Peter Molk is associate professor of law at the University of Florida Levin College of Law. This post is based on a recent paper by Professor Molk, forthcoming in the Iowa Law Review.

Delaware’s dominance in the race for publicly traded company incorporations is well known. Its success in attracting other types of entities, however, is less understood but no less important. In my paper Where Nonprofits Incorporate and Why It Matters, I study the incorporation behavior of nonprofits, a trillion dollar industry that employs twelve million people and includes some of the most well-known organizations in the world. I find evidence that nonprofits, like publicly traded firms, engage in intentional and strategic incorporation decisions, although at a lower rate. I also find that nonprofits’ incorporation decisions are more consistent with choosing states that maximize nonprofits’ agency costs, rather than minimize them, representing a potential “stroll to the bottom” among nonprofit corporations. The findings raise policy issues about the state of nonprofit law and regulation that I address with attainable, evidence-based solutions.

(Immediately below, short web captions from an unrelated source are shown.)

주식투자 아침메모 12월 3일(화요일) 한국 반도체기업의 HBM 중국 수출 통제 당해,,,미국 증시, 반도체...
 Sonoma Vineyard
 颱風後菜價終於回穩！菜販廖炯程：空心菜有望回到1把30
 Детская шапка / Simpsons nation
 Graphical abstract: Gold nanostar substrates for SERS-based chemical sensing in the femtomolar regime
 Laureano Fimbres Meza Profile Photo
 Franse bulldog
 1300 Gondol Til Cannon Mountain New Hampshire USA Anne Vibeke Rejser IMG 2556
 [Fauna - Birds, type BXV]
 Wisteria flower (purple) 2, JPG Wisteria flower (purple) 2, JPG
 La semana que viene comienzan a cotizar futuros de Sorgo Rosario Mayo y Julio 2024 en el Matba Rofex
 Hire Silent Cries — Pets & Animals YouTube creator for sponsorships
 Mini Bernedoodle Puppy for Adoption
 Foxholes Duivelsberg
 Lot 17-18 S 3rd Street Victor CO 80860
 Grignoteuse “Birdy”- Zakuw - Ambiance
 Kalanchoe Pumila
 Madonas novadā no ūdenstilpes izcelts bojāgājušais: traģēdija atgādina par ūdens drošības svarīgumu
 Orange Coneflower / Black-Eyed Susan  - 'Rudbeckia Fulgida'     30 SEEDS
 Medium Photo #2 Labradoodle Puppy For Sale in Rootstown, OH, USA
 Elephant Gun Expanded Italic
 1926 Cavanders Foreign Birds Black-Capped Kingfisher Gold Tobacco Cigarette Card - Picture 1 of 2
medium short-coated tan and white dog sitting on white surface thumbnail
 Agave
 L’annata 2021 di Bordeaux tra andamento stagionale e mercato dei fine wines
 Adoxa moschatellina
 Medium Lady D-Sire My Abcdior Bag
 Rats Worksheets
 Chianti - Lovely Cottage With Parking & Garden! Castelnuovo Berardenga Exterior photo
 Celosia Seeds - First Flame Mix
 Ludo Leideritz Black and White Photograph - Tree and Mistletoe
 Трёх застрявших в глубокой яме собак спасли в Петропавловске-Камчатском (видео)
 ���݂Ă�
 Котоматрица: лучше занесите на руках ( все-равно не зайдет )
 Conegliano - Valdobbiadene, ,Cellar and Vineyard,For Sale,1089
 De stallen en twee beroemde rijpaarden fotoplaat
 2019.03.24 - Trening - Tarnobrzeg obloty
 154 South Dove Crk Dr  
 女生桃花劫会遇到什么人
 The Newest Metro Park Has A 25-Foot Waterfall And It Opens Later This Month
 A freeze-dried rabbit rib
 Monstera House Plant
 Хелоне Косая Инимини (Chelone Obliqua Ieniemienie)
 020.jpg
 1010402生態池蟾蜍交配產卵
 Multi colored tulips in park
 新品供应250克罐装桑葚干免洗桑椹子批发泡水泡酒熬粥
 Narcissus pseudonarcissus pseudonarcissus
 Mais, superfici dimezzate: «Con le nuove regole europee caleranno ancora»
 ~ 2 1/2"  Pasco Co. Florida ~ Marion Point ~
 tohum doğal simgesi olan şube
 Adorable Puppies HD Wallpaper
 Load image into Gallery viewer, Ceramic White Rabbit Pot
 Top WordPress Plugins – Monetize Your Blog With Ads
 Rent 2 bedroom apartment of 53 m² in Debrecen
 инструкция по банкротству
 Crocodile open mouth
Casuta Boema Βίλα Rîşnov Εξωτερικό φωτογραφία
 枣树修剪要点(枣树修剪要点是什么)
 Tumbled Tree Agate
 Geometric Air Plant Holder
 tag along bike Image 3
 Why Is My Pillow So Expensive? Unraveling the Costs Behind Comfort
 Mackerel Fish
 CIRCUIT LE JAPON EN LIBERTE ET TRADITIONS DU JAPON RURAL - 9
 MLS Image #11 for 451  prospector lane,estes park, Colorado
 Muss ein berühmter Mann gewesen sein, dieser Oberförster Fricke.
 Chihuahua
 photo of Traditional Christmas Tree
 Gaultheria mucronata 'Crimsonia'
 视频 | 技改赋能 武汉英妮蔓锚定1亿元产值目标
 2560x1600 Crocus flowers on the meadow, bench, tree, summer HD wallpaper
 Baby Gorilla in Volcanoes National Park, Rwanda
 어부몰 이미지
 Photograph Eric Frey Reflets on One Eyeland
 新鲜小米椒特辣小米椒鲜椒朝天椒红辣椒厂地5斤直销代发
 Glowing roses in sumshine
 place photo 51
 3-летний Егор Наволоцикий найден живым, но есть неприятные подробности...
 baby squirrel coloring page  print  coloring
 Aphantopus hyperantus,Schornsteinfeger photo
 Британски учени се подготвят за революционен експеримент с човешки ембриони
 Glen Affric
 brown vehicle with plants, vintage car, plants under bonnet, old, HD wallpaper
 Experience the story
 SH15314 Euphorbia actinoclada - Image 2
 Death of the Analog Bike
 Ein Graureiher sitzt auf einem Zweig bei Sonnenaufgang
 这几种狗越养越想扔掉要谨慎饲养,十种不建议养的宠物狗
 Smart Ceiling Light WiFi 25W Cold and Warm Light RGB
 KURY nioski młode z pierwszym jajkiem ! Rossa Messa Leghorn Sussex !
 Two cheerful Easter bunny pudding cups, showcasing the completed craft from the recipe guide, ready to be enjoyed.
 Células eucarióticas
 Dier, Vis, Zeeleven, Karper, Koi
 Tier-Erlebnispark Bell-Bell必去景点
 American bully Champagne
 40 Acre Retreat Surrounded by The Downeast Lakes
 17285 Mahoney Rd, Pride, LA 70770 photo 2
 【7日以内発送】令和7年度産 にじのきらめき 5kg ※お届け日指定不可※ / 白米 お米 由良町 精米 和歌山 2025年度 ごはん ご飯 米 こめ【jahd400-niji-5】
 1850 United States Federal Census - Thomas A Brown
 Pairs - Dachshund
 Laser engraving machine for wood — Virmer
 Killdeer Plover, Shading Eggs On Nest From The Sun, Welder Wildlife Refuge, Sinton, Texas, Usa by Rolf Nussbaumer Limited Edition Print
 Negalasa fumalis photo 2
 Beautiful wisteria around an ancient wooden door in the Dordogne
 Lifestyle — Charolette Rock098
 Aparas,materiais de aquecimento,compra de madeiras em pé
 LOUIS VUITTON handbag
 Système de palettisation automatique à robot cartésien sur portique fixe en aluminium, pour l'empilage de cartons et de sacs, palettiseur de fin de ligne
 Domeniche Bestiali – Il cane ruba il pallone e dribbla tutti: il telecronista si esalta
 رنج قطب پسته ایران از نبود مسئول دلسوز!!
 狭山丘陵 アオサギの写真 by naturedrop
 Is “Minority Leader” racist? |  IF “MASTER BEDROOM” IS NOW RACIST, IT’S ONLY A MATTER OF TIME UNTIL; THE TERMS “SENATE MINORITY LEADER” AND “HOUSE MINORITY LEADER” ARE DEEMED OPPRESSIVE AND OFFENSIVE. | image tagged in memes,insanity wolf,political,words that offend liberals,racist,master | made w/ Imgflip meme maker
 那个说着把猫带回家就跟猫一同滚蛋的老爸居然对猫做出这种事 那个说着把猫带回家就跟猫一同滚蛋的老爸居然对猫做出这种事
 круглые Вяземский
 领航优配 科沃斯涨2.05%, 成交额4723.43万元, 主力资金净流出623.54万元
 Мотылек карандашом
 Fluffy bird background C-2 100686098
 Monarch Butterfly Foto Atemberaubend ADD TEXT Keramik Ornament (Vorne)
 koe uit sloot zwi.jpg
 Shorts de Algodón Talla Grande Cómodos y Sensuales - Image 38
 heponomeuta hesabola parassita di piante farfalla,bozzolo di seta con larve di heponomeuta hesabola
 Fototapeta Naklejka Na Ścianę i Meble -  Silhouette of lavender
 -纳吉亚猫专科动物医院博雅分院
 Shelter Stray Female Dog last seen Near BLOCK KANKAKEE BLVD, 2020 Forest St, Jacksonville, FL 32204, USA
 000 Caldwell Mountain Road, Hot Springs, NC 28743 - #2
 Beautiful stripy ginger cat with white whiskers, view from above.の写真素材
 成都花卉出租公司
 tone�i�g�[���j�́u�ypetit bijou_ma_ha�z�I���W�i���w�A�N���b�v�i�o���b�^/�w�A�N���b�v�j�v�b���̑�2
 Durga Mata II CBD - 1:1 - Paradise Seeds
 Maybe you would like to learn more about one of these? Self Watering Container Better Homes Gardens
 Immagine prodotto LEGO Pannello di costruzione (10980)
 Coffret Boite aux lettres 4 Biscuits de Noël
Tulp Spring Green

My paper has three goals. First, I develop the theoretical case for strategic nonprofit incorporations. Just as the state of incorporation can affect publicly traded firms’ cost of capital and therefore their competitive advantage, so too can it affect nonprofits’ operations. Like with traditional corporations, nonprofits’ incorporation state determines the law that governs internal disputes and the courts that often decide those disputes. This can affect nonprofits’ capital costs; although nonprofits lack investors, they often rely as a substitute on capital donations from external donors. If a state’s law and courts offer donors strong protections—such as by imposing efficient fiduciary duties on management, providing donor standing to sue, or requiring company policies on conflicted transactions and whistleblower complaints—then nonprofits that incorporate in that state could achieve lower capital costs through higher donations. The incorporation state also determines which state attorneys general have oversight responsibility for the nonprofit’s operations, which can also impact nonprofit operations. State attorneys general are charged with primary responsibility for policing nonprofits’ operations, so incorporating in a state with strong oversight could enhance donors’, employees’, customers’, and suppliers’ trust in the nonprofit, increasing the firm’s market advantage. As a matter of organizational theory, therefore, nonprofits should prefer to incorporate in some states over others, just as with publicly traded corporations.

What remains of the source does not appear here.